Jung was also riding the same horse, the mighty Sam, when coming out on top at London 2012 and the Rio 2016 Olympic Games. This time around he will partner his 2019 European Championship horse Chipmunk, and the world waits to see what more magic he can bring.

Team silver

He’ll be joined on the German team by two of the three athletes who helped clinch team silver in Rio, Sandra Auffarth (Viamant du Matz) and Julia Krajewski (Armande de B’Neville). However, it is the French who line out as defending team champions, with Thomas Carlile (Birmane), Nicolas Touzaint (Absolut Gold HDC), and Christopher Six (Totem de Brecey) flying the flag for Les Bleus.

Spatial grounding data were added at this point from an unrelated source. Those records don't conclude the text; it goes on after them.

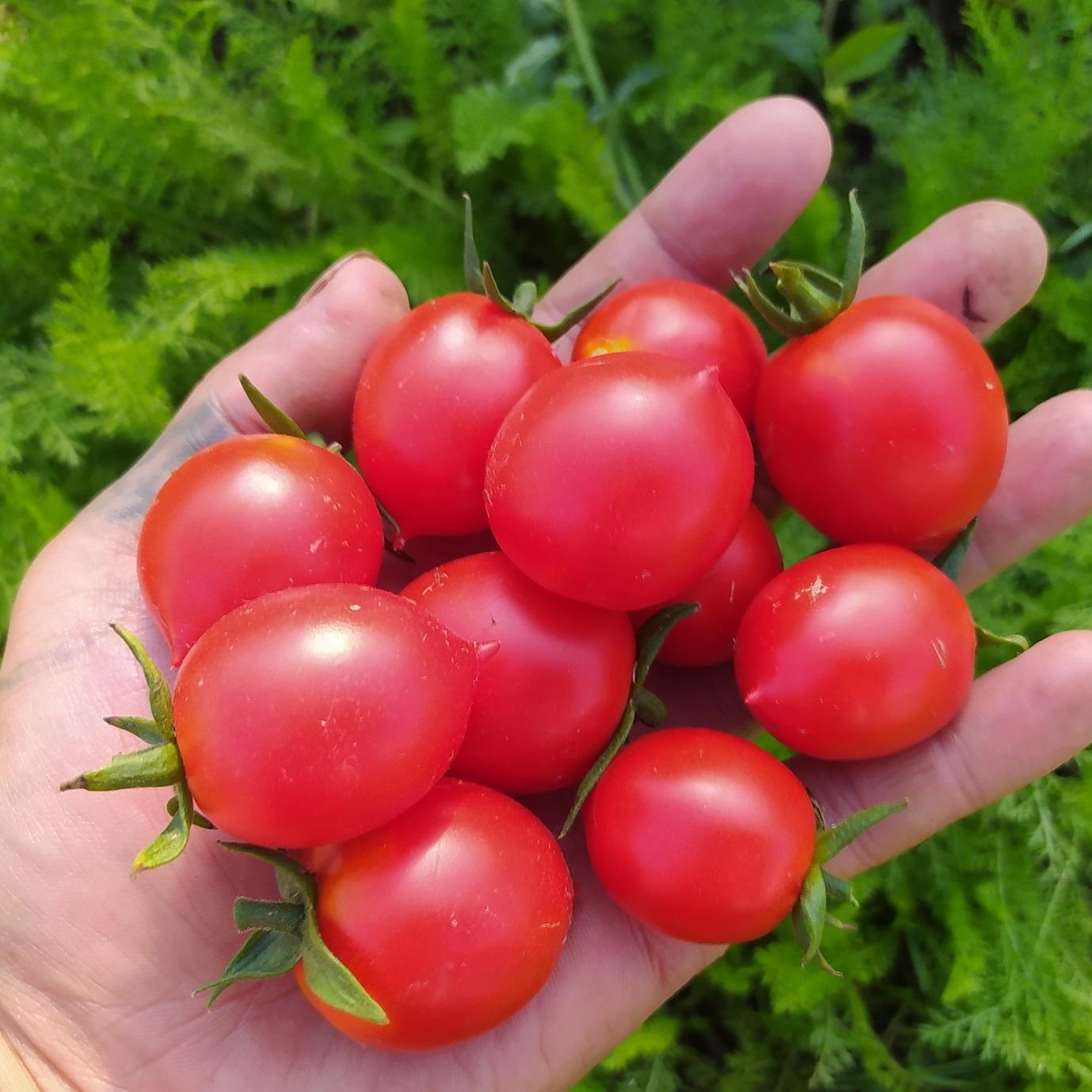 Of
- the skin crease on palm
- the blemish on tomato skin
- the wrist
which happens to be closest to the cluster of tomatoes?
the blemish on tomato skin

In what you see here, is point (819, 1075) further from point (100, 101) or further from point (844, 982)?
point (100, 101)

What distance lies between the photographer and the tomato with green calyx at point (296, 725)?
2.61 ft

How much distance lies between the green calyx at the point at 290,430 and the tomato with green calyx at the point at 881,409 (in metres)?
0.41

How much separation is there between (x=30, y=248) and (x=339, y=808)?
1165 millimetres

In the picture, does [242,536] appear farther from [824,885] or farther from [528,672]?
[824,885]

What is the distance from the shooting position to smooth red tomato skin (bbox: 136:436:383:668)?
0.93 meters

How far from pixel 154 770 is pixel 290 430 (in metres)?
0.40

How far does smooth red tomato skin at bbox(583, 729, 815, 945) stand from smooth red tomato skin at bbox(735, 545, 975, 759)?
2.5 inches

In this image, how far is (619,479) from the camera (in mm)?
880

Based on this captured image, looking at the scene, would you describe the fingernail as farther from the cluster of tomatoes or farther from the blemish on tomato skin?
the blemish on tomato skin

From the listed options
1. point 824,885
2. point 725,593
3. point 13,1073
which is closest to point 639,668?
point 725,593

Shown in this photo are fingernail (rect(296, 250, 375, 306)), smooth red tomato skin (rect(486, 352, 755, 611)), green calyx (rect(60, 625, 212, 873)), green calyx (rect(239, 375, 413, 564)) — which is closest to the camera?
green calyx (rect(60, 625, 212, 873))

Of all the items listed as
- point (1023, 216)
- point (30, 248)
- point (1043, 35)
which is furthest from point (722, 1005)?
point (30, 248)

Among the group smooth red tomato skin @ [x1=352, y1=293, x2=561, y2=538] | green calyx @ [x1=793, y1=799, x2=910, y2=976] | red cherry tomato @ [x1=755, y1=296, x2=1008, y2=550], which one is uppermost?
smooth red tomato skin @ [x1=352, y1=293, x2=561, y2=538] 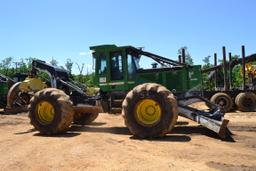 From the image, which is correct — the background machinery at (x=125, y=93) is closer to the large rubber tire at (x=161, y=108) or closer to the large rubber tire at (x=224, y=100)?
the large rubber tire at (x=161, y=108)

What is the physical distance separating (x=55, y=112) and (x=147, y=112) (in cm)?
298

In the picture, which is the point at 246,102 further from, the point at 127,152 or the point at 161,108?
the point at 127,152

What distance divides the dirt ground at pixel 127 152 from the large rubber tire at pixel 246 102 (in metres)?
10.8

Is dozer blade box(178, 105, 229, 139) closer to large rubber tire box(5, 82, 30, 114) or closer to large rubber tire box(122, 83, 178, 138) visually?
large rubber tire box(122, 83, 178, 138)

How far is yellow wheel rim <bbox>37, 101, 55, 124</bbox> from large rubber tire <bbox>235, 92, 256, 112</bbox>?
12903mm

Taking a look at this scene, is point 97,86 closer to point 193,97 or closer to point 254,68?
point 193,97

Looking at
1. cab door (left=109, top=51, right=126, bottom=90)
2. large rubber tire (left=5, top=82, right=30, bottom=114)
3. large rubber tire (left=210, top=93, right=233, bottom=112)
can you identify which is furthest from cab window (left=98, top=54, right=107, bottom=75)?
large rubber tire (left=210, top=93, right=233, bottom=112)

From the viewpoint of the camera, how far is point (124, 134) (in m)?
11.3

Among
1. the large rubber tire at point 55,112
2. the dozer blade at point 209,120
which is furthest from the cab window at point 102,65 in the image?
the dozer blade at point 209,120

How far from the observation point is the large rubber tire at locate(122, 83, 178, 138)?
10094mm

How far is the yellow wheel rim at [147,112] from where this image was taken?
10.4m

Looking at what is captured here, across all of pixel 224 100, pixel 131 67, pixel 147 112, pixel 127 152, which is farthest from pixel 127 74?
pixel 224 100

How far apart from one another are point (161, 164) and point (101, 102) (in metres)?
5.93

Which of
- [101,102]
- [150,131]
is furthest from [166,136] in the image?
[101,102] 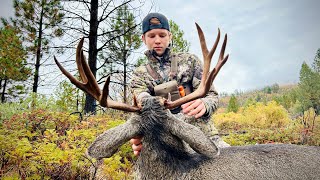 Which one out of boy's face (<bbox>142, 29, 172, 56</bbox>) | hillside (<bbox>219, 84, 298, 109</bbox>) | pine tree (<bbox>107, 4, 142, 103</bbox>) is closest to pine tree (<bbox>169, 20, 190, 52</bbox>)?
pine tree (<bbox>107, 4, 142, 103</bbox>)

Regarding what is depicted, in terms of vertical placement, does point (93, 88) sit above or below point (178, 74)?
below

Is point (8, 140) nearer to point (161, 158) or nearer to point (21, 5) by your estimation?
point (161, 158)

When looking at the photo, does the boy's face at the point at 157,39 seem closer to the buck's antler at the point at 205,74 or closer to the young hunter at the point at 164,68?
the young hunter at the point at 164,68

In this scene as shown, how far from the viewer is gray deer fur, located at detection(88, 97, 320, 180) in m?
2.51

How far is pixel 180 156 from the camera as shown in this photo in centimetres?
270

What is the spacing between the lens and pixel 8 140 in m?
3.70

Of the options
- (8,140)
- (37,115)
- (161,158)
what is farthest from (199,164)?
(37,115)

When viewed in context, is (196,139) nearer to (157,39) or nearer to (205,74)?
(205,74)

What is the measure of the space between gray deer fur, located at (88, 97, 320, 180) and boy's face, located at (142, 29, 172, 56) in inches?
72.9

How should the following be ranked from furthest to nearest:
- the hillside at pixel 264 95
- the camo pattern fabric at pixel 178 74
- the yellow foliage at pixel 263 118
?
the hillside at pixel 264 95, the yellow foliage at pixel 263 118, the camo pattern fabric at pixel 178 74

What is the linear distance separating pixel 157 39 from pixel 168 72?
535 mm

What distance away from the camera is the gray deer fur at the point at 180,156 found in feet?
8.25

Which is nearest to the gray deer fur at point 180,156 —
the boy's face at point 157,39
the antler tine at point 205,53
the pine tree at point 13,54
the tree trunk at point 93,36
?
the antler tine at point 205,53

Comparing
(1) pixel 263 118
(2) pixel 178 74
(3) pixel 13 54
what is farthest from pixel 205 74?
(3) pixel 13 54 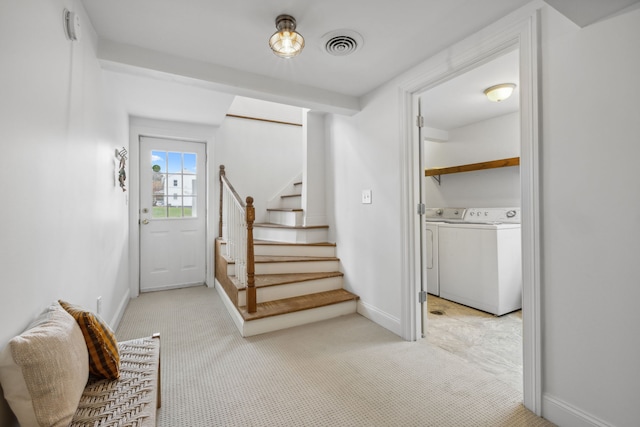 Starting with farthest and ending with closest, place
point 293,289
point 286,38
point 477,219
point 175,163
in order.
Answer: point 175,163, point 477,219, point 293,289, point 286,38

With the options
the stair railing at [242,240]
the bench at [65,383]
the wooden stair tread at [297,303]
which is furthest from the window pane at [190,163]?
the bench at [65,383]

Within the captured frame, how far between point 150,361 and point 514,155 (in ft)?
13.6

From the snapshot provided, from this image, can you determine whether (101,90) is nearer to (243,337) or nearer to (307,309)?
(243,337)

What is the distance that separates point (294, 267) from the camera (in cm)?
308

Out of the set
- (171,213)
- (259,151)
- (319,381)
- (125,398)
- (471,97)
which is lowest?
(319,381)

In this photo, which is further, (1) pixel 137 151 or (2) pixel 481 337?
(1) pixel 137 151

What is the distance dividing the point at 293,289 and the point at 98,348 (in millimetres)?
1858

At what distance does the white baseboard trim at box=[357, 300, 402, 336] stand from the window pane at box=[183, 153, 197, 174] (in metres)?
2.80

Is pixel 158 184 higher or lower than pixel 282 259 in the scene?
higher

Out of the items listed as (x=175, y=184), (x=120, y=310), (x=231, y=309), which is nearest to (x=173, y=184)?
(x=175, y=184)

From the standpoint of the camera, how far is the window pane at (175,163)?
3746 millimetres

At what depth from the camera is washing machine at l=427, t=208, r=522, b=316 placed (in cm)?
281

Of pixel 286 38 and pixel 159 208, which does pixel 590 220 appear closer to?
pixel 286 38

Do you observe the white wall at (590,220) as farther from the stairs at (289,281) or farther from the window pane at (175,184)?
the window pane at (175,184) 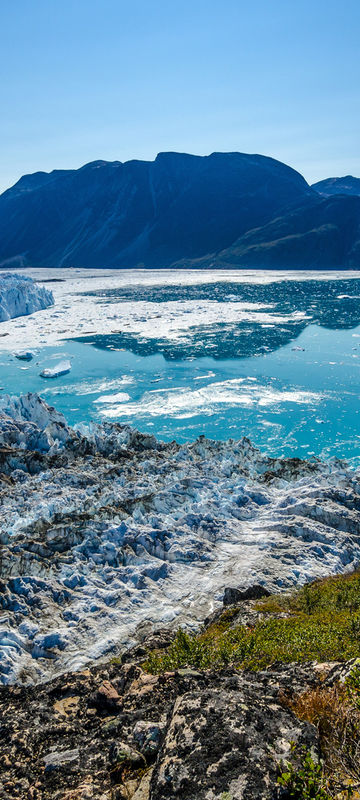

The British arrive as reigning world champions with the world number one, Oliver Townend (Ballaghmore Class), number five Tom McEwen (Toledo de Kerser), and number 22 Laura Collet (London 52) in their side, backed up last-minute replacement reserve Ros Canter with Allstar B, the horse she rode to individual gold at the FEI World Equestrian Games™ 2018. There’s great strength in depth in this selection, while the Irish world silver medallists, and the Kiwi side that includes husband-and-wife Tim and Jonelle Price, also look highly competitive.

But there are further Olympic records hanging in the balance. Australia’s Andrew Hoy, Shane Rose, and Stuart Tinney have 166 years of life experience and eight Olympic medals between them. And 62-year-old Hoy could make Olympic history by becoming the first athlete to win gold medals an incredible 29 years apart. He won his first team gold in Barcelona in 1992 and if he could do it again, he’d break the all-time record set by Hungarian fencer Aladár Gerevich, who triumphed in 1932 and 1960.

Hoy went on to win two more team golds, at Atlanta in 1996 and Sydney in 2000, and just by turning up in Tokyo he will set an Australian record with his eighth Olympic appearance since his debut in Los Angeles in 1984 at the age of 25.

Changes

The sport of Eventing has been subject to many changes down the years, and at the Tokyo 2020 Games there will be a new and shorter Dressage test, which will take just under four minutes to complete. The Dressage and Jumping phases will be staged at Baji Koen Equestrian Centre in the city, while the Cross Country action will be held at Sea Forest Park in Tokyo Bay.

Following the Ready Steady Tokyo Equestrian Test event staged at Sea Forest in August 2019, during which an FEI official climate impact study and horse monitoring project took place, the Cross Country course was shortened to approximately eight minutes.

It’s all a long way from the first time Eventing was included in the Olympic programme back in 1912 in Stockholm when the competition began with Phase A, “an Endurance ride over 55km in four hours,” and Phase B, “Cross-country over 5km in 15 minutes with 12 obstacles.”

After a rest day, the all-military competitors then set out to tackle “Steeplechase over 3,500m in 5 minutes and 50 seconds with 10 obstacles,” while on day four there was “Jumping over 15 obstacles up to 1.30m high and 3.00m wide,” before finally finishing up on day five with “Dressage.” From seven starting teams, four completed and Sweden took both Team and Individual gold.

Times have indeed moved on, but the partnership between horse and athlete remains at the heart of equestrian sport, and in Olympic Eventing that partnership is at its zenith.

How it will play out….

The Team and Individual competitions will run concurrently on consecutive days as follows: Dressage test (over two days, 30/31 July), Cross Country test (1 August), and First Jumping Competition (2 August) to determine the Team classification.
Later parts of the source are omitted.